- **TASK TO COMPLETE**: Output each record below exactly, leaving any picture out of the copy.

- **RECORDS PROVIDED**:
++++++++++++++++++++

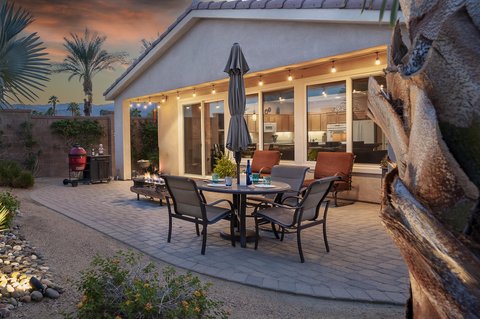 60328 Desert Shadows Drive, La Quinta, CA 92253 photo 35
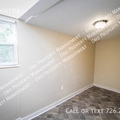 2 bedrooms apartment for rent in Harvard Place / Eastlawn - East SATX, San Antonio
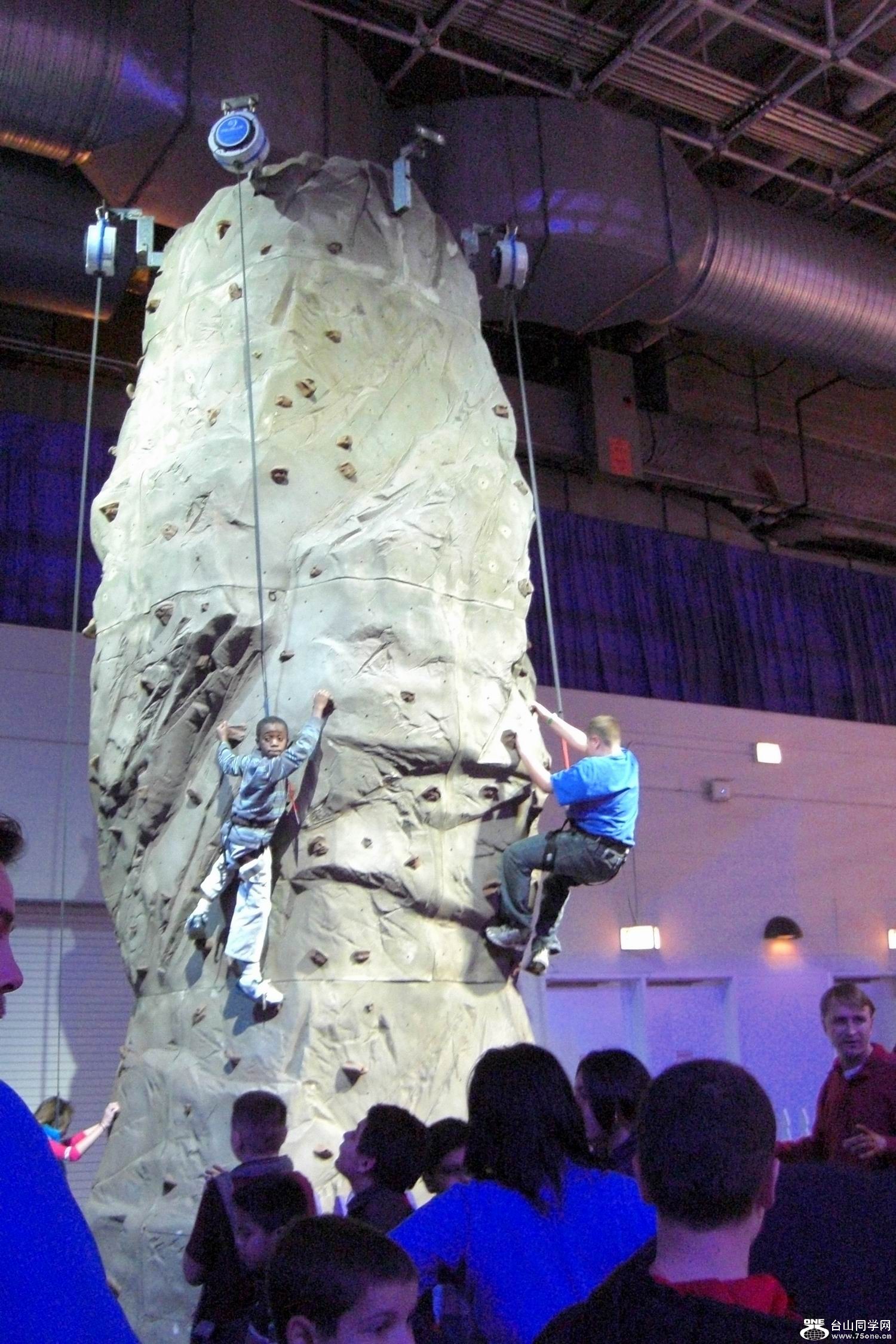 2011.12 ʥֳ (42).JPG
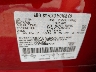 1FM5K8GT7KG****** Used 2019 Ford Explorer in Atlanta East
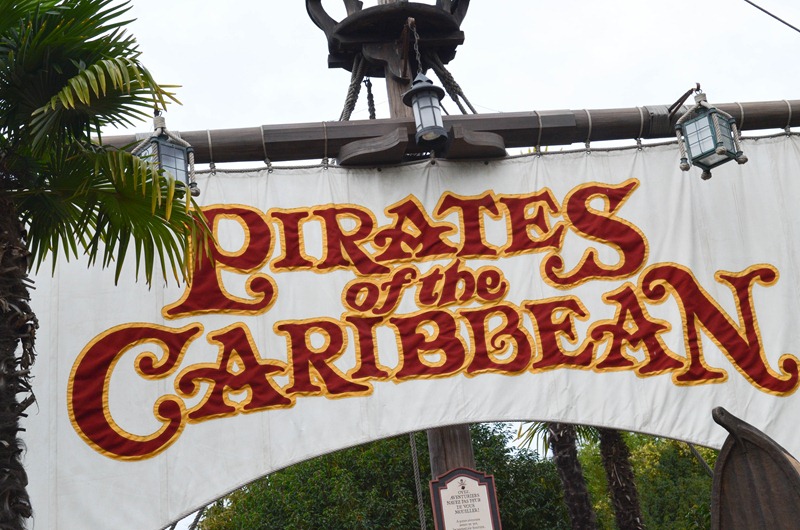 [Disney-Friday-344.jpg]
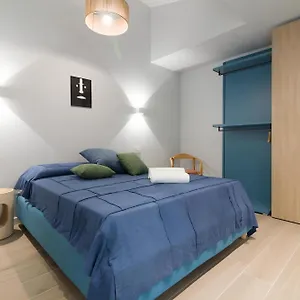 New Tita's Design House Guest house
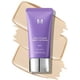 thumbnail image 1 of Sérum Bb Cream M Perfect Cover N º 21 Color Beige Claro 35 Ml, 1 of 3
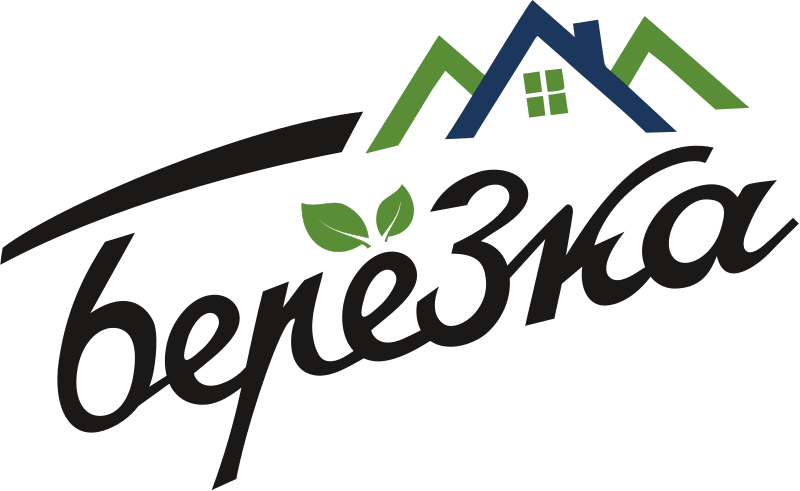Березка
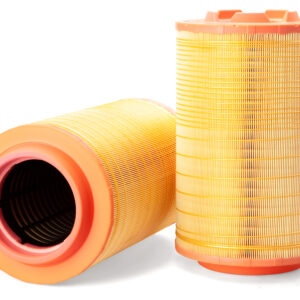 Filtro de aire - AF25162 - Fleetguard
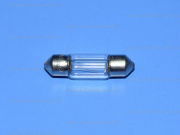 ��������� 12V �10W 8x28 92910 ������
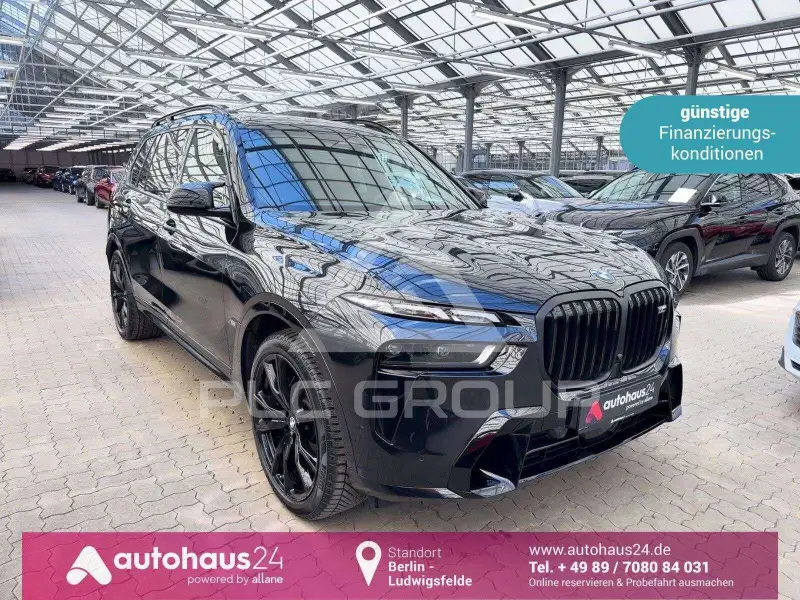 2024 BMW Other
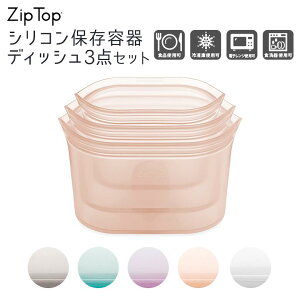 Zip Top Wbvgbv VR[ۑe fBbV3_Zbg Z-DSH3 ziptop YouTube [`[u b er Ⓚۑ ① Wgp dqW ۑe VR [ Z ACe e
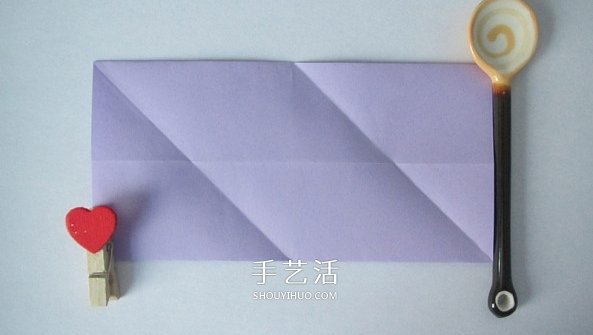 紙花球的疊法詳細(xì)教程 手工折紙花球過(guò)程圖 -  rpnrmr.com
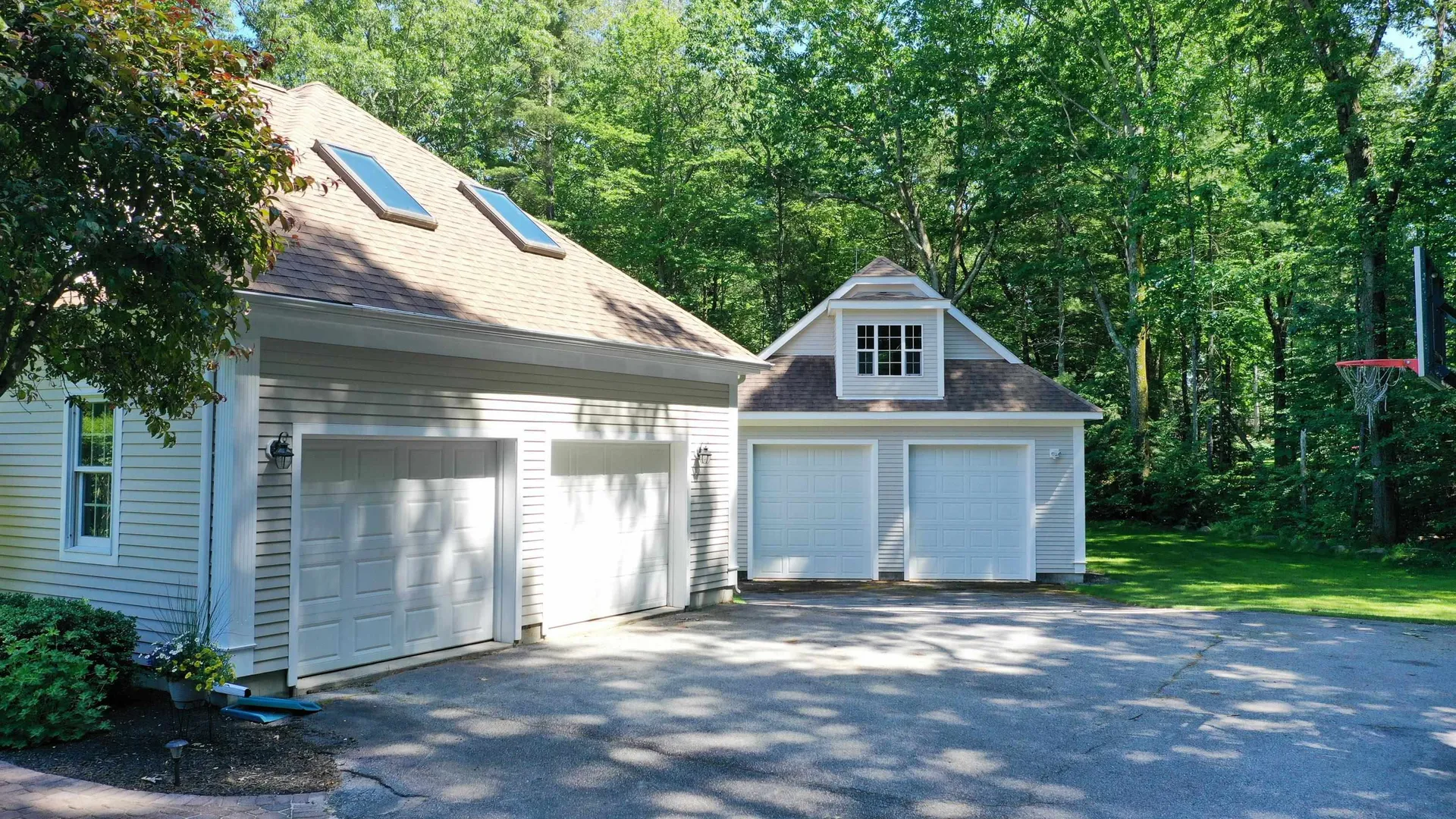 64 Gale Road Hampton NH 03842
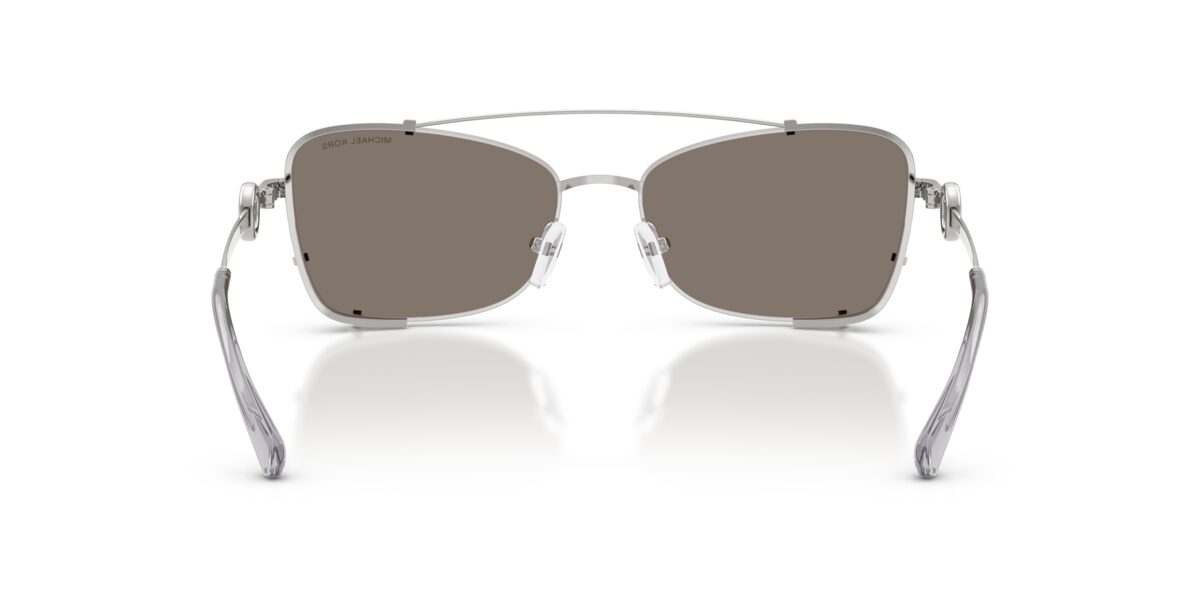 Michael Kors MK1187 ANDROS 18936G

++++++++++++++++++++

- **SOLUTION**:
 60328 Desert Shadows Drive, La Quinta, CA 92253 photo 35
 2 bedrooms apartment for rent in Harvard Place / Eastlawn - East SATX, San Antonio
 2011.12 ʥֳ (42).JPG
 1FM5K8GT7KG****** Used 2019 Ford Explorer in Atlanta East
 [Disney-Friday-344.jpg]
 New Tita's Design House Guest house
 thumbnail image 1 of Sérum Bb Cream M Perfect Cover N º 21 Color Beige Claro 35 Ml, 1 of 3
Березка
 Filtro de aire - AF25162 - Fleetguard
 ��������� 12V �10W 8x28 92910 ������
 2024 BMW Other
 Zip Top Wbvgbv VR[ۑe fBbV3_Zbg Z-DSH3 ziptop YouTube [`[u b er Ⓚۑ ① Wgp dqW ۑe VR [ Z ACe e
 紙花球的疊法詳細(xì)教程 手工折紙花球過(guò)程圖 -  rpnrmr.com
 64 Gale Road Hampton NH 03842
 Michael Kors MK1187 ANDROS 18936G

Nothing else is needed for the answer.